Most of these airfields were under the command of Third Air Force or the Army Air Forces Training Command (AAFTC) (a predecessor of the current-day United States Air Force Air Education and Training Command). However other AAF commands, including Second Air Force, Air Technical Service Command (ATSC) and Air Transport Command (ATC) commanded airfields in a support roles.

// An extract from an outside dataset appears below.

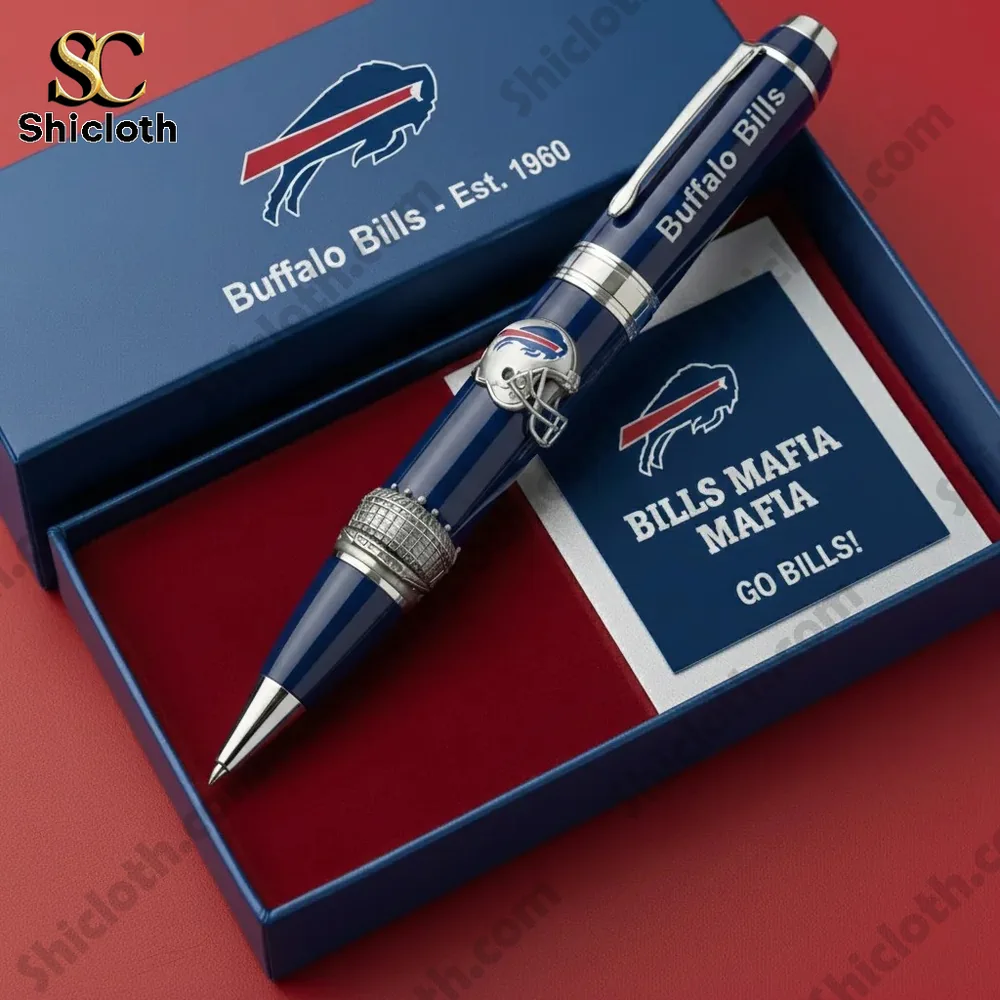 Premium Buffalo Bills Collector?s Pen Set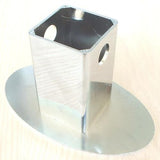 4X4 Four Wheel Drive Chrome Black Trailer Truck Hitch Cover Plug 2 Inch Receiver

It is still possible to find remnants of these wartime airfields. Many were converted into municipal airports, some were returned to agriculture and several were retained as United States Air Force installations and were front-line bases during the Cold War. Hundreds of the temporary buildings that were used survive today, and are being used for other purposes.

== Major Airfields ==

Army Air Forces Training Command
- Altus Army Airfield, Altus
  - AAF Central Flying Training Command
  - 2508th Army Air Forces Base Unit
  - Now: Altus Air Force Base
- Chickasha Field, Chickasha
  - AAF Central Flying Training Command
  - 2549th Army Air Forces Base Unit
  - Now: Chickasha Municipal Airport
- Cimarron Army Airfield, Cimmaron
  - AAF Central Flying Training Command
  - 2508th Army Air Forces Base Unit
  - Now: Clarence E. Page Municipal Airport
- Enid Army Airfield, Enid
  - AAF Central Flying Training Command
  - 2518th Army Air Forces Base Unit
  - Now: Vance Air Force Base
- Frederick Army Airfield, Frederick
  - AAF Central Flying Training Command
  - 2520th Army Air Forces Base Unit
  - Now: Frederick Municipal Airport
- Hatbox Army Airfield, Muskogee
  - AAF Central Flying Training Command
  - 2557th Army Air Forces Base Unit
  - Later: Hatbox Field (Closed)
- Miami Municipal Airport, Miami
  - AAF Central Flying Training Command
  - 2556th Army Air Forces Base Unit
  - Now: Miami Municipal Airport
- Mustang Field, El Reno
  - Central Flying Training Command
  - 2554th Army Air Forces Base Unit
  - Now: El Reno Regional Airport
- Ponca City Airport, Ponca City
  - Central Flying Training Command
  - 323d Army Air Forces Flying Training Detachment
  - Now: Ponca City Regional Airport

Air Technical Service Command
- Tinker Field, Oklahoma City
  - 4136th Army Air Force Base Unit
  - Now: Tinker Air Force Base

Second Air Force
- Ardmore Army Airfield, Ardmore
  - 222d Army Air Forces Base Unit
  - Later: Ardmore Air Force Base
  - Now: Ardmore Municipal Airport

Third Air Force
- Muskogee Army Airfield, Muskogee
  - 349th Army Air Forces Base Unit
  - Now: Davis Field
- Will Rogers Field, Oklahoma City
  - Joint Use USAAF/Civil Airport
  - 348th Army Air Forces Base Unit
  - Now Will Rogers World Airport
  - and Will Rogers Air National Guard Base
- Woodward AAF
  - Second Air Force until 1944
  - Sub-field of Will Rogers Field
  - 354th Army Air Forces Base Unit
  - Now: West Woodward Airport

Air Transport Command
- Tulsa Municipal Airport, Tulsa
  - 582d Army Air Forces Base Unit
  - Now: Tulsa International Airport
  - and Tulsa Air National Guard Base

Note: The former Clinton-Sherman Air Force Base, now Clinton-Sherman Industrial Airpark, was originally Naval Air Station Clinton as acquired by the U. S. Navy in 1942. NAS Clinton was closed at the end of World War II and turned over to the City of Clinton. It was on 15 September 1954 that the USAF leased the former NAS Clinton site from the City of Clinton to be used as an Air Force Base.